(Records drawn from a dataset)
+ + + +

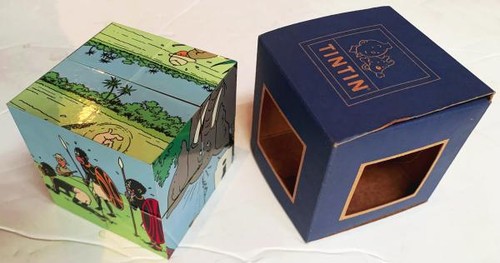 Tintin cube articulé - tintin,
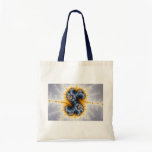 Yinyang Twister - Fractal Tote Bag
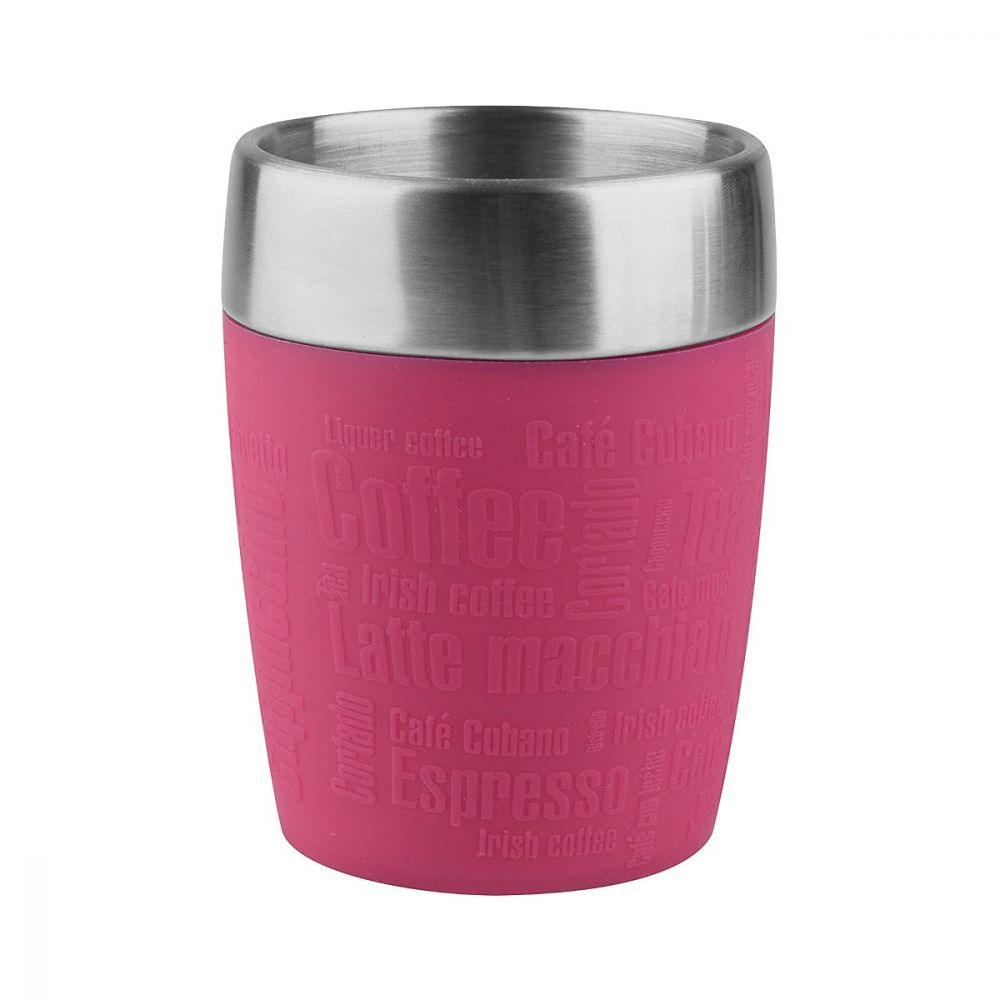 Tefal Stainless Steel Travel Cup 200 mL Raspberry / K308231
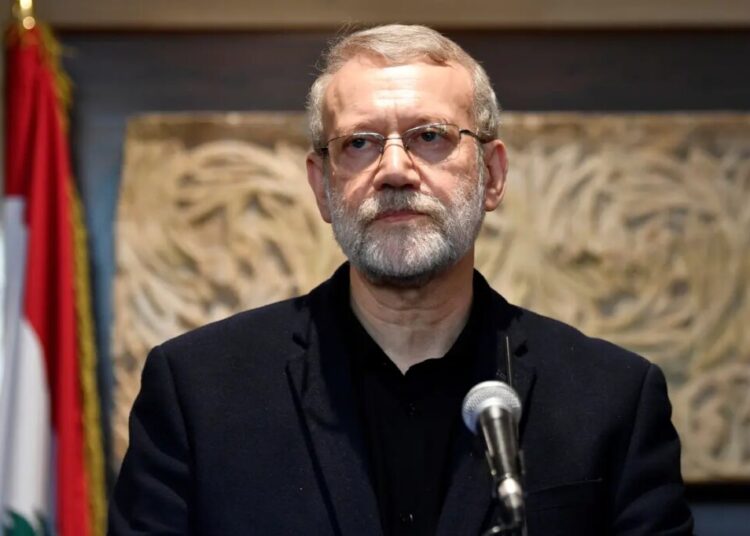 Top Iranian security official killed in overnight strike, Israel says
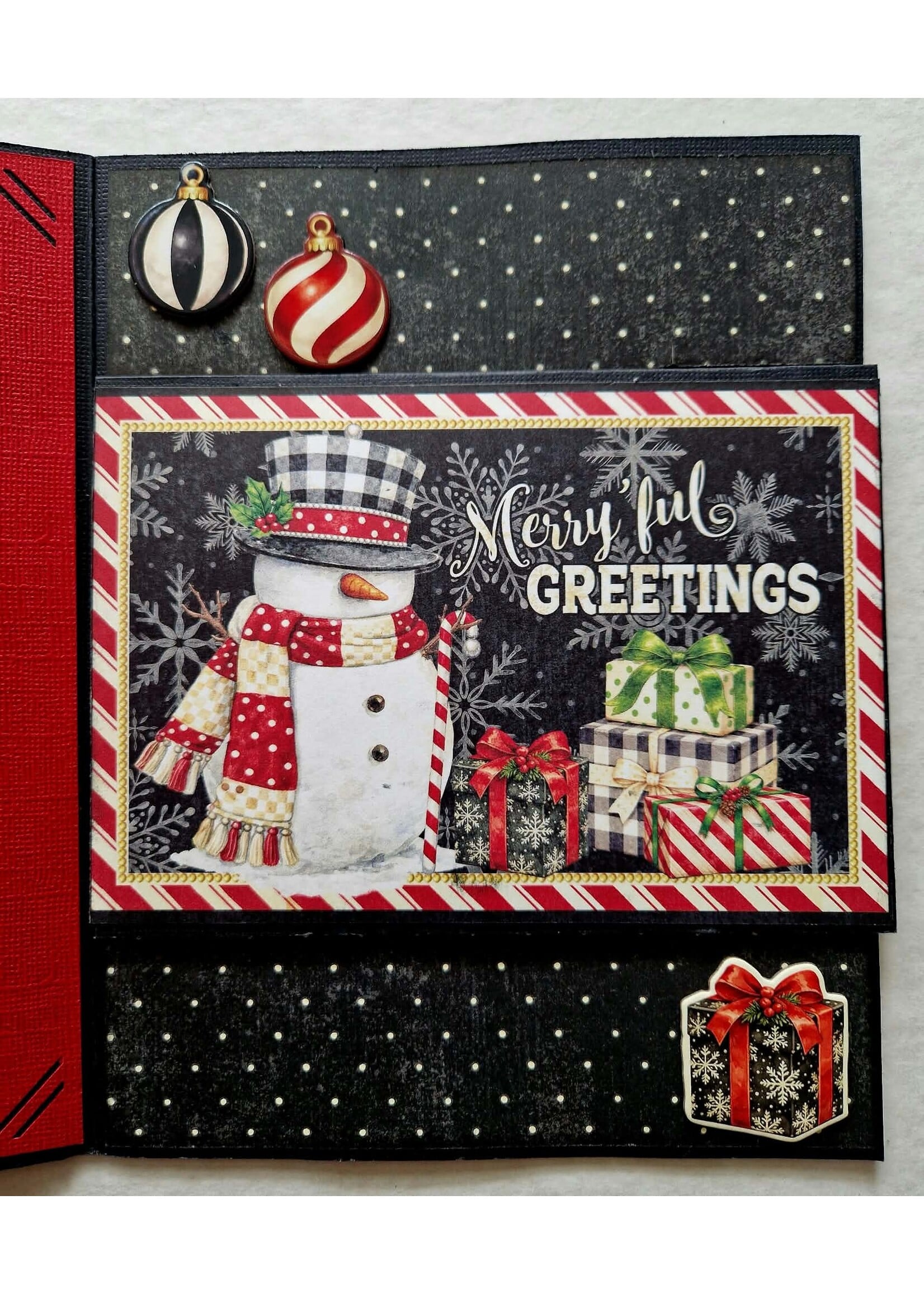 Neverending Kerst Album Graphic45 workshoppakket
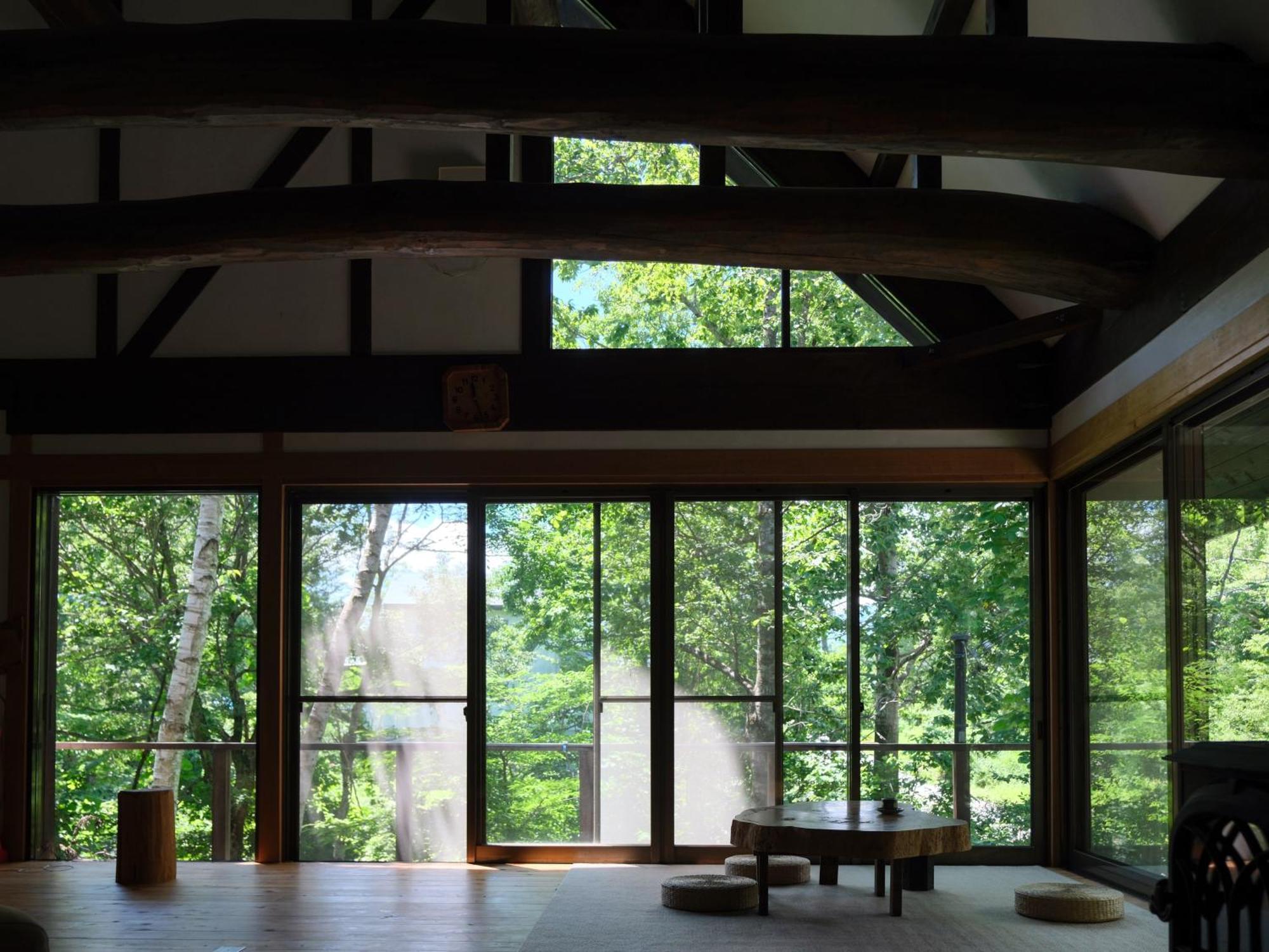 Woody Island Villa Hakuba Eksteriør billede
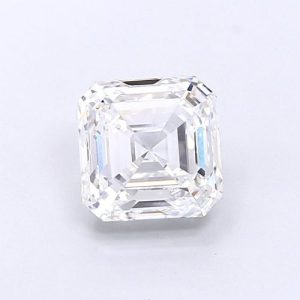 3.20 Carat Asscher Cut Lab Diamond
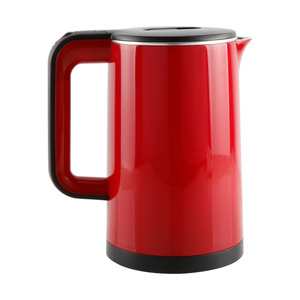Fabbrica intero prezzo di <span class=keywords><strong>vendita</strong></span> 1.8L 1500W bollitore elettrico brocca di acqua con doppio strato guscio di alloggiamento e corpo lucido comune - Product Image 4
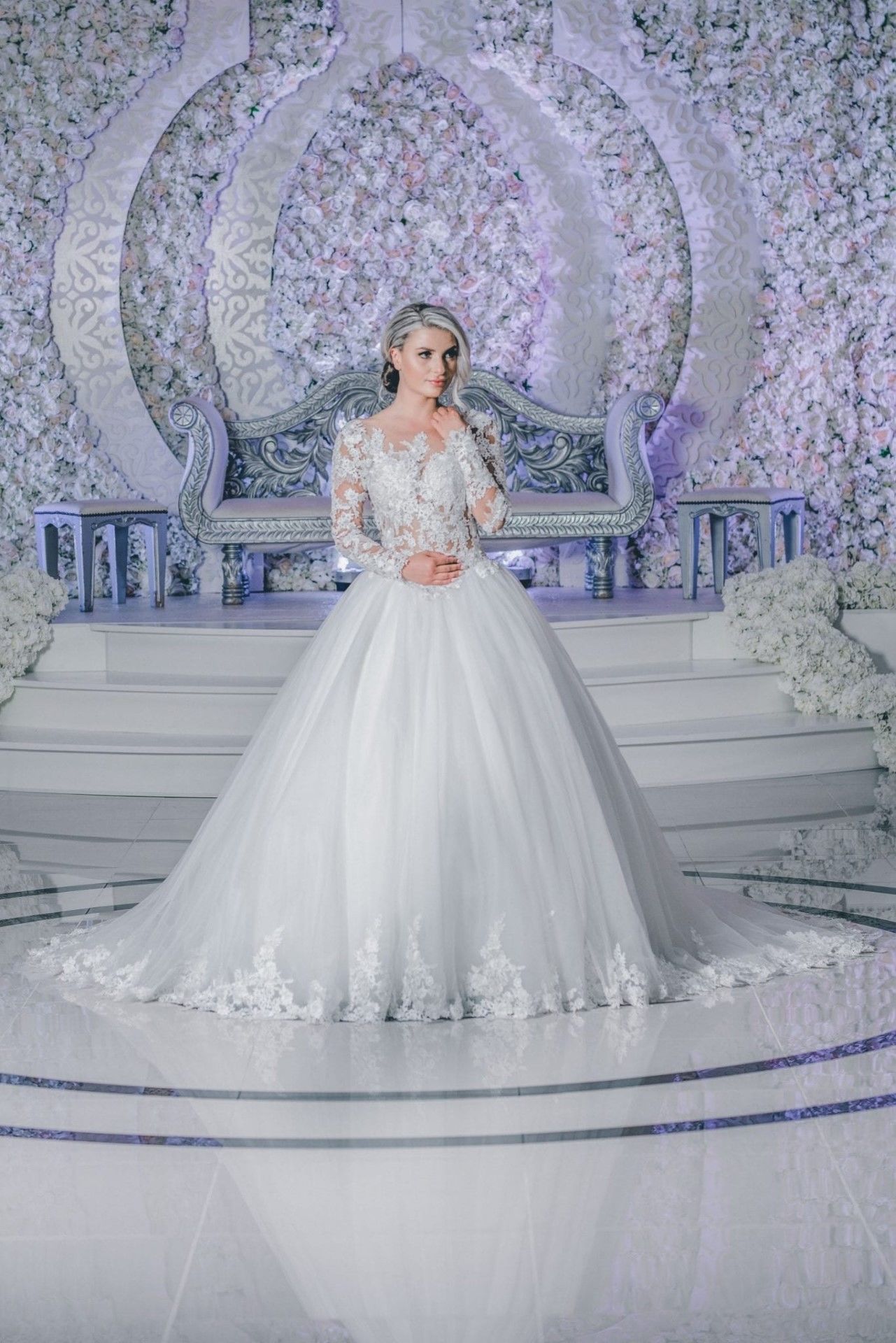 Alberto Axu trouwjurk prinses - Sabina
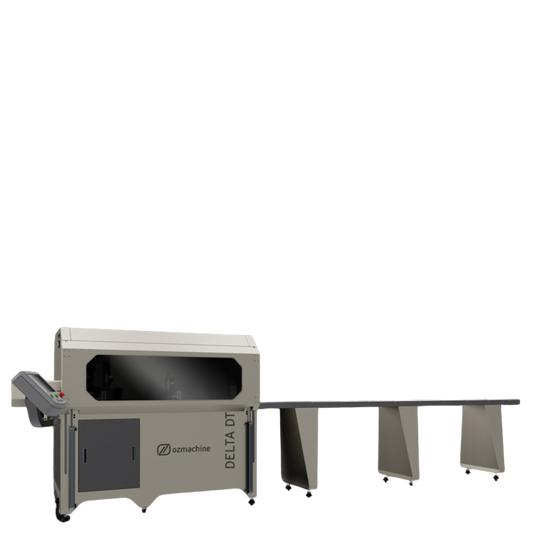 DELTA DT Automatic Slicing Saw 20" blade with Drill & Tapping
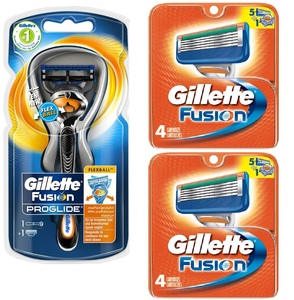 ยิลเลตต์ Fusion5โพรไรด์มีดโกนสำหรับผู้ชาย-รีฟิล12ชิ้น - Product Image 2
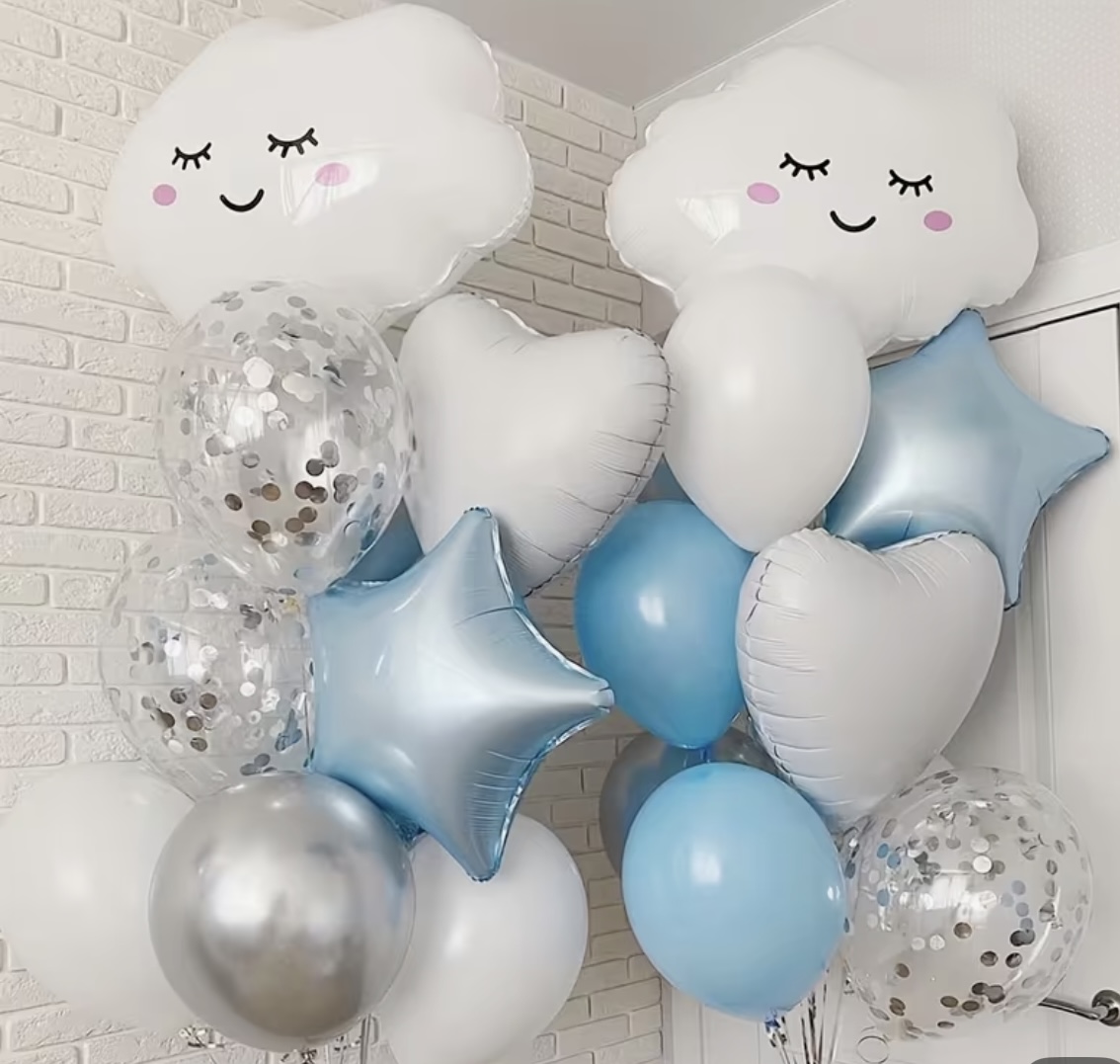 Блакитна хмаринка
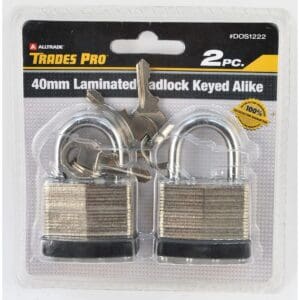 Padlock Keyed Alike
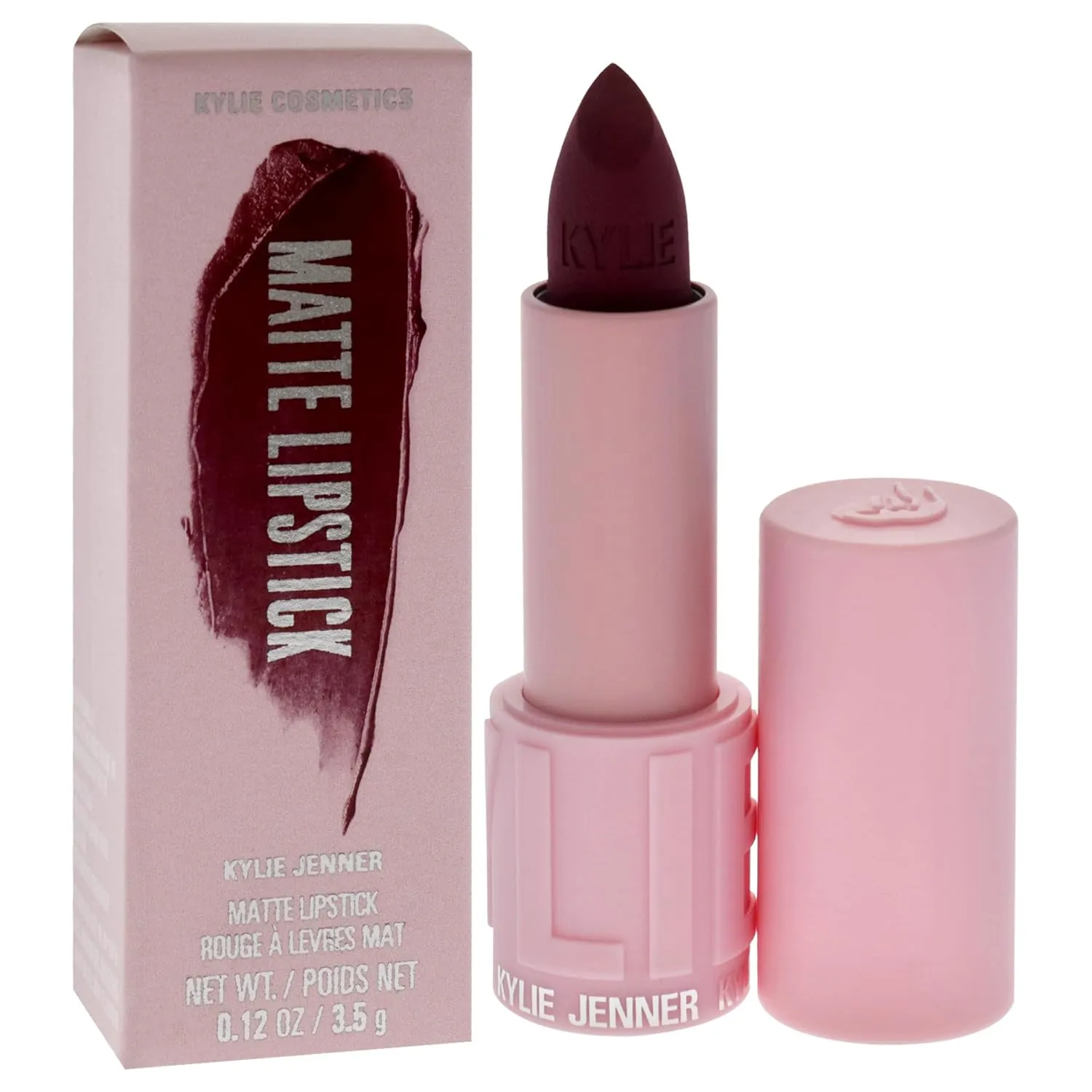 Kylie Cosmetics Matte Lipstick - 112 Work Mode for Women - 0.12 oz Lipstick (Pack of 2)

+ + + +

→ **What is expected**: Your answer must be the lines from the opening line of the entries through the line holding "3.20 Carat Asscher Cut Lab Diamond", written out exactly and without any picture.

→ **Written answer**:
 Tintin cube articulé - tintin,
 Yinyang Twister - Fractal Tote Bag
 Tefal Stainless Steel Travel Cup 200 mL Raspberry / K308231
 Top Iranian security official killed in overnight strike, Israel says
 Neverending Kerst Album Graphic45 workshoppakket
 Woody Island Villa Hakuba Eksteriør billede
 3.20 Carat Asscher Cut Lab Diamond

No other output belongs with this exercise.